Kashani had been an ally of Mossadeq, before breaking with him and his National Front in early 1953. Kashani's role in Mossadeq's ouster has been downplayed in the traditional narrative of the events (which places most of the blame on the Americans), yet revisionists have noticed the extent of Kashani's influence, and how important he was in fomenting unrest against Mossadeq in the months leading up to the coup.

What is most striking about the document is how Kashani is described. If you took out his name, and other identifying information one might think that the authors are describing Ayatollah Khomeini or Khamenei.
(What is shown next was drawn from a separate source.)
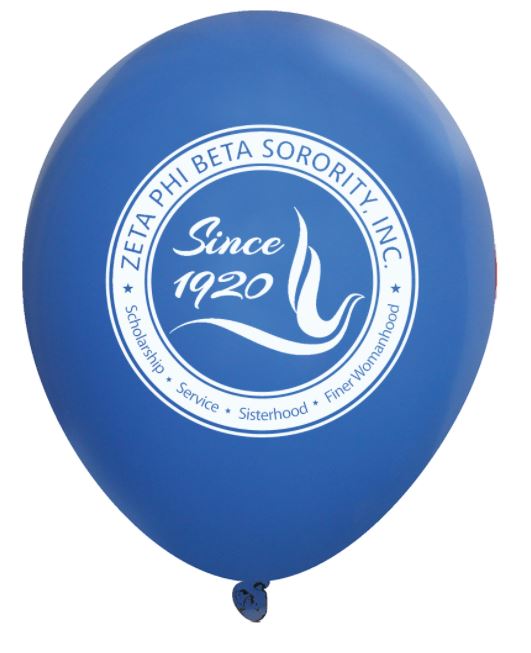 Zeta Phi Beta Sorority Balloons (Royal Blue)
Kashani's sees "contemporary problems from a narrowly Moslem outlook, severely warped by many years of bitter conflict with British authority".
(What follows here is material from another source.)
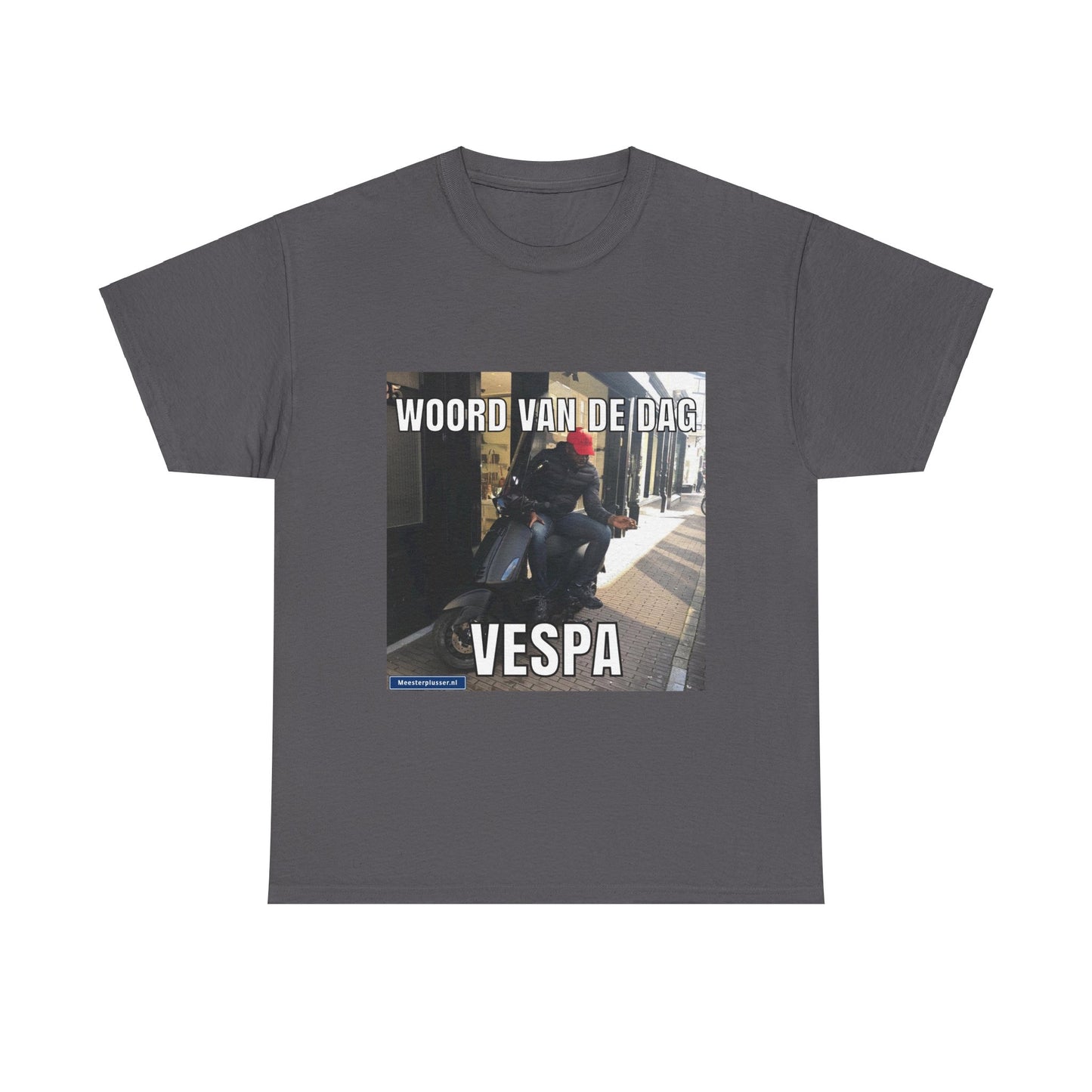 ''Vespa'' Word of the day T-shirt - Meesterplusser.nl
Mossadeq at the time had significant support and the authors deemed it unlikely that he would be replaced by Kashani, but they also note Kashani's influence, as the second largest bloc in the Majles (Iranian parliament). 
The authors point to a handful of negative characteristics of Kashani, ranging from conceit and ambition, to unscrupulousness and support of bigoted practices, and a lack of business and executive experience. 
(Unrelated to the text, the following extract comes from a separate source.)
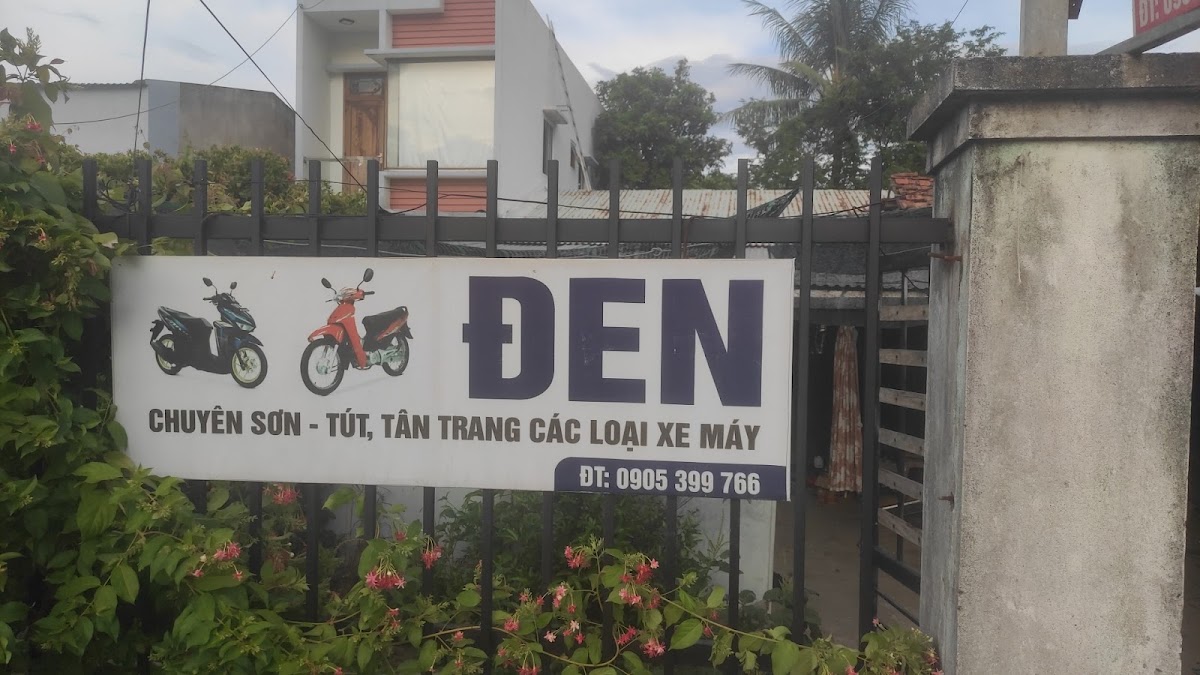 Đen sơn xe máy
Kashani was vehemently anti-British based upon his past experiences, he had experienced foreign meddling. This he shared with Mossadeq, though their motivations and approaches to addressing foreign interference was very different. 

The authors blame Kashani (like Mossadeq) for taking credit of others work to forward his own ambitions. He is likened to a "ward boss" and "gangster". His supporters are considered to be from a similar social class as Mossadeq (most appropriately described as middle-class), though with a distinct religious inclination.

Kashani, had disagreements with the Shah, the army, and starting in early 1953 Mossadeq as well. Shia clergy in Iran had historically been quietist, subservient to the monarchy. Kashani was outspoken, a break from tradition. He disapproved of the late Shah's work to sideline the clergy, and to uphold the mantle of Shiism, when the Shah wasn't even a theologian. This is virtually identical to Khomeini's approach years later. 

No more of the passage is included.